We will have one oral exam that will serve as the midterm grade. Sign up for a time slot using this link. In preparation, the TAs and I will share demos in-class of a spectrum of responses to give you a sense of what to expect from a high-quality and low-quality response. You will also have the opportunity to practice in-class with your peers.


Format

An oral exam will function like an interview. You will sign up for a time slot during the exam period during which you, me, and the TAs will meet. The oral exam will be a ~10-minute conversation and will typically consist of just a few (1-3) questions that can range from theory to applying those theories. This is your opportunity to demonstrate how you can apply the things you have learned throughout the semester, in a way not dissimilar from what you might be asked about in an interview for a job role as a UX designer or UX researcher. I may ask follow-up questions based on your responses or provide additional prompts and hints.


Grading

You will be graded on how well you are able to apply and articulate what you know using the oral exam rubric.


Preparation

Each week, our course schedule will contain a set of content you are asked to consume. Often this will involve short readings, YouTube videos, podcasts, or slide decks. My goal is to transform the lecture section of the course into a design studio as much as possible (think of it as a hybrid "flipped" classroom).
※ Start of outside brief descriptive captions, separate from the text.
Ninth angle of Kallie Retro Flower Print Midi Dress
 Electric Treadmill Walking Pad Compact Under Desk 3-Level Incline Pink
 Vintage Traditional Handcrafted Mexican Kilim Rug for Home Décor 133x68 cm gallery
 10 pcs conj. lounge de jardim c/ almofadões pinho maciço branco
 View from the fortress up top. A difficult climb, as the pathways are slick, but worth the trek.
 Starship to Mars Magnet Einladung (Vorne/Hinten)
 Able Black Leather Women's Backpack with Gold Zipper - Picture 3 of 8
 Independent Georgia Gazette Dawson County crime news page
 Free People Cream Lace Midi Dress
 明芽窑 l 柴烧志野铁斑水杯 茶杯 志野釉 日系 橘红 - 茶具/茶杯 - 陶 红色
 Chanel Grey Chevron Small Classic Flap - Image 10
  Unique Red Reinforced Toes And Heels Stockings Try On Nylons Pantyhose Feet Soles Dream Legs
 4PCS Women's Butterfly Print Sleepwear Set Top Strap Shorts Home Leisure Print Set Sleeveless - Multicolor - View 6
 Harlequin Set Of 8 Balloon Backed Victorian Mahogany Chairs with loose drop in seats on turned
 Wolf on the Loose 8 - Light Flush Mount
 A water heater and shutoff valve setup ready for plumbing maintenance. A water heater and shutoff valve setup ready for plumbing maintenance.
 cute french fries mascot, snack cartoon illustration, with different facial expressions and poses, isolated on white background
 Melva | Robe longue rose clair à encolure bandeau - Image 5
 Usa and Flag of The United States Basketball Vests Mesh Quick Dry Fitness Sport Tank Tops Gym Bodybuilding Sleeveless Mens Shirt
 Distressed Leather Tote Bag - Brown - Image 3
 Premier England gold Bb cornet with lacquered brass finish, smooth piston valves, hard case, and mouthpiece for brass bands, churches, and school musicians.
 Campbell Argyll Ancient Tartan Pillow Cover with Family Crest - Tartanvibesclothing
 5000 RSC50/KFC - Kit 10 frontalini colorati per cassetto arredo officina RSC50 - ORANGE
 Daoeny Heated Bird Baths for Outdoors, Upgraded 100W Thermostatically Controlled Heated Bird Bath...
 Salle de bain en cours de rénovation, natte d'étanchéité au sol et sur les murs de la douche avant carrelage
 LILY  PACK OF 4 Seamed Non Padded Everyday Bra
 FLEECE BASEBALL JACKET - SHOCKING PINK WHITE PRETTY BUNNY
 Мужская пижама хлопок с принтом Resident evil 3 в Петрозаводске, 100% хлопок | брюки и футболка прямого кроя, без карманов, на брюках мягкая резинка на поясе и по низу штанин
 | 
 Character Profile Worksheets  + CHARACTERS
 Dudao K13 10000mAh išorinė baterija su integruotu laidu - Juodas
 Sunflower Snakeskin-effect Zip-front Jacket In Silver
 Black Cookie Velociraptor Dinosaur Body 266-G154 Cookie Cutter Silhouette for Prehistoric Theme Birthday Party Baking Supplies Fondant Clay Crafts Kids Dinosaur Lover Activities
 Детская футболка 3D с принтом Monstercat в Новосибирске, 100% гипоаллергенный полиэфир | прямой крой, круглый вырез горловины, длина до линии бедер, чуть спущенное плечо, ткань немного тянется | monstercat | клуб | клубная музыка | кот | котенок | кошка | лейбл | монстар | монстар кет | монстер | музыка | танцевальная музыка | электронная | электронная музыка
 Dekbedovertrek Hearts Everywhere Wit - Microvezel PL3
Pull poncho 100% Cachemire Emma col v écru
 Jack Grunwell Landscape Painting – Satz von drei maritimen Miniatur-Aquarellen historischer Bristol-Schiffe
While there will be a lecture roughly once a week, talking through a million examples only gives you limited design capabilities. Iterating through, presenting, and critiquing each others’ designs is where you will really learn to build in a human-centered way.

Weekly, you will be asked to fill out a short quiz based on that week’s content. The content may come from the readings or from the lecture. These are optional (as in, they will not affect your grade); however, you are encouraged to participate, as these questions will help you prepare for the types of things we might ask during the oral exam.